Manila's troubled peace
THIS week's tragic shooting and public disturbance in the Philippines must not be allowed to undercut President Corazon Aquino's bid for national reconciliation. Not surprisingly, some critics of the government are eager to exploit the incident for political gain. Mrs. Aquino correctly expressed her deep regret for the disturbance and called for a full investigation. At least a dozen demonstrators demanding land reform were reported killed by government forces, and scores were injured, as protesters sought to break through security cordons near the presidential palace.
For Aquino, the shooting incident marks the first time that government forces have fired on protesters since her taking control of the government early last year. It comes at a particularly difficult moment. Government representatives have been meeting with officials of the communist insurgent movement in a cease-fire that is supposed to expire Feb. 6. The cease-fire has been a continuing objective of Aquino, despite her coming under intense criticism from many military officers for going ahead with the peace talks. Moreover, a number of leftists have also sought to scuttle the talks - contending that the government must show positive movement on such issues as land reform, elimination of US military bases, and inclusion of dissidents in the Cabinet before actual talks are possible. As of this writing, the two sides have suspended talks indefinitely, following the shooting, although the rebels say they will continue to observe the cease-fire.

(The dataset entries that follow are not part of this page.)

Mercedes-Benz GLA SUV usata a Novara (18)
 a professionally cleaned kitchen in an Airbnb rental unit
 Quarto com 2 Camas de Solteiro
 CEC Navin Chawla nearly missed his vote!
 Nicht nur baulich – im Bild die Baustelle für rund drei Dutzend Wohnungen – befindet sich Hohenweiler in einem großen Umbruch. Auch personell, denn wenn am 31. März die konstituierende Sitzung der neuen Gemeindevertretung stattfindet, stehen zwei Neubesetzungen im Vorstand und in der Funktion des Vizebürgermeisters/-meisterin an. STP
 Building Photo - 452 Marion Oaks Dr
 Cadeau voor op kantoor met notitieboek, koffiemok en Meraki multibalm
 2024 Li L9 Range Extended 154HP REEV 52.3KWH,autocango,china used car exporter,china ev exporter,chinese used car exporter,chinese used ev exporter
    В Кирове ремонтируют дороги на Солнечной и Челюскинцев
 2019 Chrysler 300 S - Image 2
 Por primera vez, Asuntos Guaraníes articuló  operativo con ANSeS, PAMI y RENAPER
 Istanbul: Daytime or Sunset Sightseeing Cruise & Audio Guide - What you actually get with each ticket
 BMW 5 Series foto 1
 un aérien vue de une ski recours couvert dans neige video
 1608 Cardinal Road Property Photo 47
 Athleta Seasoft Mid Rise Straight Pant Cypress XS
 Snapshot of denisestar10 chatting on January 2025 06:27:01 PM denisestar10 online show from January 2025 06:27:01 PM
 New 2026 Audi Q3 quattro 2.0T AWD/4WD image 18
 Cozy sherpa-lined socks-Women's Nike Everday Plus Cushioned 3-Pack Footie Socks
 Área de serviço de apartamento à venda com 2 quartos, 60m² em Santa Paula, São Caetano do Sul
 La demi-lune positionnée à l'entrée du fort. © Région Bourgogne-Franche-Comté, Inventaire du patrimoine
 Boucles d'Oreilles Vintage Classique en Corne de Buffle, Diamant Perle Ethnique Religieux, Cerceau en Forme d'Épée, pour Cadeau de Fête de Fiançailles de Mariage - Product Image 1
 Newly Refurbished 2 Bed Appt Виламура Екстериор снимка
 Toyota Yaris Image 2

Unfortunate as it may be, this week's disturbance need not be an insurmountable setback. Aquino has repeatedly shown her ability to turn a difficult situation into a plus. To her credit, she is still taking the political offensive. On Feb. 2 voters will be asked to approve a new constitution. Moreover, she is seeking to attract more foreign capital to the Philippines.
The economic challenge is her toughest test. The Philippines, which was the second most prosperous nation in East Asia only two decades ago (behind Japan), before the Marcos regime drained the national Treasury, is now one of the poorest. There was a slight upward turn last year - with the economy growing a minuscule 0.13 percent, compared with declines of close to 10 percent over the two previous years. The flight of capital out of the country has stopped. Inflation has also been checked.
Still, unemployment remains high. Servicing the nation's $27 billion foreign debt eats up assets needed for internal reform. Many foreign companies remain skeptical about investing in the Philippines.
The Reagan administration should step up its support for Aquino and the Philippines - in terms of economic assistance, as well as verbal support for Manila. Washington could also help persuade foreign bankers to adjust debt schedules.
Aquino's threefold reconciliation program - the cease-fire, seeking a new constitution, and rebuilding the economy - is on target. Washington must do all that it can to ensure that the Philippines remains on this road of progress.